# toy box



## kartracer63 (Jan 19, 2009)

I've moved on to my next project. My wife has requested a toy box to keep the grandkids' toys in. I'm making it out of aspen (except the bottom is a scrap piece of birch plywood). I purchased a biscuit joiner, which gave me some inspiration to try my hand at joining a few boards together. She has a short time table she wants this done by, so I didn't spend a lot of time with other joinery. I used pocket holes to assemble the box. I'm also using pocket holes to assemble the face frames.
The box measures 31" x 16" x16" and will be painted white when completed. I plan on using the child-safe hinges on the lid. I'll post more pictures as I make more progress.

Eric


----------



## Glenmore (Sep 10, 2004)

Eric really a nice clean job very nice.


----------



## xplorx4 (Dec 1, 2008)

Eric it is typical of what one would expect from your shop. Neat, good lines, exceptional workmanship. I am glad you are painting it cause trust me Aspen does not take stain well, however it is a nice wood to work with. I would imagine you are going to spray paint, is that correct? Looking forward to final product.


----------



## harrysin (Jan 15, 2007)

A very nice job Eric, very similar construction to many that I've made over the years, in fact in the 80's I went through my toy box period!


----------



## kartracer63 (Jan 19, 2009)

*some more photos of my toy box progress*

I made a little removable tray for some smaller toys and it will slide on a couple little glides mounted to the front and back of the box. I used my dovetail jig for the 1/2 blind dovetail joints and routed a dado for the tray bottom. I used my scroll saw to cut out the carrying handles on the tray.
I'm now gluing up the boards for the lid. Then I'll cut the lid to size and router the edges with a roundover bit and mount the lid to the child-safe hinges and get everything ready to paint.

Eric


----------



## vikingcraftsman (Mar 31, 2006)

Really nice Man toy box Eric. I like the idea of the sliding tray. Another thing I can add to my projects.


----------



## Ralph Barker (Dec 15, 2008)

Looks good, Eric.

Although Harry (or, T-Tom) might scold you for using a scroll saw for those hand holes instead of a template and guide bushing. 

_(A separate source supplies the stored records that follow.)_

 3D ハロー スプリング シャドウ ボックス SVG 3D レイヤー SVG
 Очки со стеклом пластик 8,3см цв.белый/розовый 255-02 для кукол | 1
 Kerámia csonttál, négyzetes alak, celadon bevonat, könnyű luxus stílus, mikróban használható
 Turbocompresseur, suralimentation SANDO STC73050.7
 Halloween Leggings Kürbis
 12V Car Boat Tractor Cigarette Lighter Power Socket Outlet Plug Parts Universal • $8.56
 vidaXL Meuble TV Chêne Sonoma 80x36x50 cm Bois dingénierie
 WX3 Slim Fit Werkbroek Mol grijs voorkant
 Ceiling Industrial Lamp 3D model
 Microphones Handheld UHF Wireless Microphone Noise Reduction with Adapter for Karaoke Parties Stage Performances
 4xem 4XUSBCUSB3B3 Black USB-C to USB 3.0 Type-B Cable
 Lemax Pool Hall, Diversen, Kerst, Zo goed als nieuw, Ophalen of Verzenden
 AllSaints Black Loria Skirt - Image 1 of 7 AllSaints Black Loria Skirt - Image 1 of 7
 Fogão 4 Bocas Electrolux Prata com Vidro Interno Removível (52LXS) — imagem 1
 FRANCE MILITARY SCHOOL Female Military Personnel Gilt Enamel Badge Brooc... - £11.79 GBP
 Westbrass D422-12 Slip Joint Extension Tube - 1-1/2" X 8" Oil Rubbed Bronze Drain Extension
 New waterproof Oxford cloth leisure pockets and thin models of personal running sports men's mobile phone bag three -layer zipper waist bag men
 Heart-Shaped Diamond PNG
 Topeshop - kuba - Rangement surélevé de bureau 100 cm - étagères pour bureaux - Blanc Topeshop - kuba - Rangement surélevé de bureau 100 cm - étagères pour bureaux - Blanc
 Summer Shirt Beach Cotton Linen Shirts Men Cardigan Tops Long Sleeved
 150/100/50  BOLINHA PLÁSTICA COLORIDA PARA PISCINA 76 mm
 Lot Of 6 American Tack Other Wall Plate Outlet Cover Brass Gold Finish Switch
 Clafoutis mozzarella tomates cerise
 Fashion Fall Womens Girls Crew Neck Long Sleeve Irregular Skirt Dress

How do you like those double-headed clamps, BTW?


----------



## kartracer63 (Jan 19, 2009)

Ralph,

So far they've worked out alright. And... if I can put up with my wife's scoldings, I think I can handle Harry and Tom.

Eric


----------



## a1tomo (Dec 3, 2008)

It looks to me like you are ready for a major project after this one ........like maybe a chest of drawers?

Nice job.


----------



## drasbell (Feb 6, 2009)

Great looking work..


----------



## kartracer63 (Jan 19, 2009)

*Toy Box lid is finished*

I've got the toy box lid finished. Now I'll mount the hinges (and take them back off) and start in with the primer and paint over the next couple of days.

Eric


----------



## kartracer63 (Jan 19, 2009)

*Hinges are fastened*

The hinges are attached to the box and lid. They do what they're supposed to do... protect those little fingers.

Eric


----------



## vikingcraftsman (Mar 31, 2006)

Realy nice to see these clean lines. Did you glue up the boards with biscuts instead of T&G? So many ways to do these.


----------



## kartracer63 (Jan 19, 2009)

John, 

I used the biscuits and the worked great.

Eric


----------



## TRN_Diesel (Feb 24, 2009)

Nice job Eirc looks great. I too love using my biscuit jointer. I even built a neat jig for it to make using it even easier and quicker.


----------



## CanuckGal (Nov 26, 2008)

That's a really nice toy box and I am sure it will last for many generations to come!


----------



## kartracer63 (Jan 19, 2009)

Thanks for the compliments. I sure hope it lasts for a while. I've got 2 grandkids now and I'm sure there will be a few more to come. It should get plenty of abuse. Of course my wife will get to fill it up with there favorite toys.

Eric


----------



## kartracer63 (Jan 19, 2009)

*Toy Box is DONE*

I've completed the toy box project. I used an oil based primer and paint. One coat of primer, which I sanded when dry to remove most of the brush strokes. And two coats of gloss white. The paint job really turned out well for a brush job. But, I might look into buying a spray gun set-up. The important thing is that the wife LOVES it.

Eric


----------



## curiousgeorge (Nov 6, 2006)

Great job, Eric. Just one suggestion though and in no way meant to criticize. The next time you are using pocket hole joinery and will be covering the outside edges, as you did with this box. Why not put the pocket holes on the outside of the box and this way they will not show on the inside and will be covered by the outside trim.


----------



## kartracer63 (Jan 19, 2009)

DUH... I never thought of that George... very good point. That's why I joined this forum. Thanks for the advice.

Eric


----------



## kolias (Dec 26, 2008)

Excellent work Eric, very smart


----------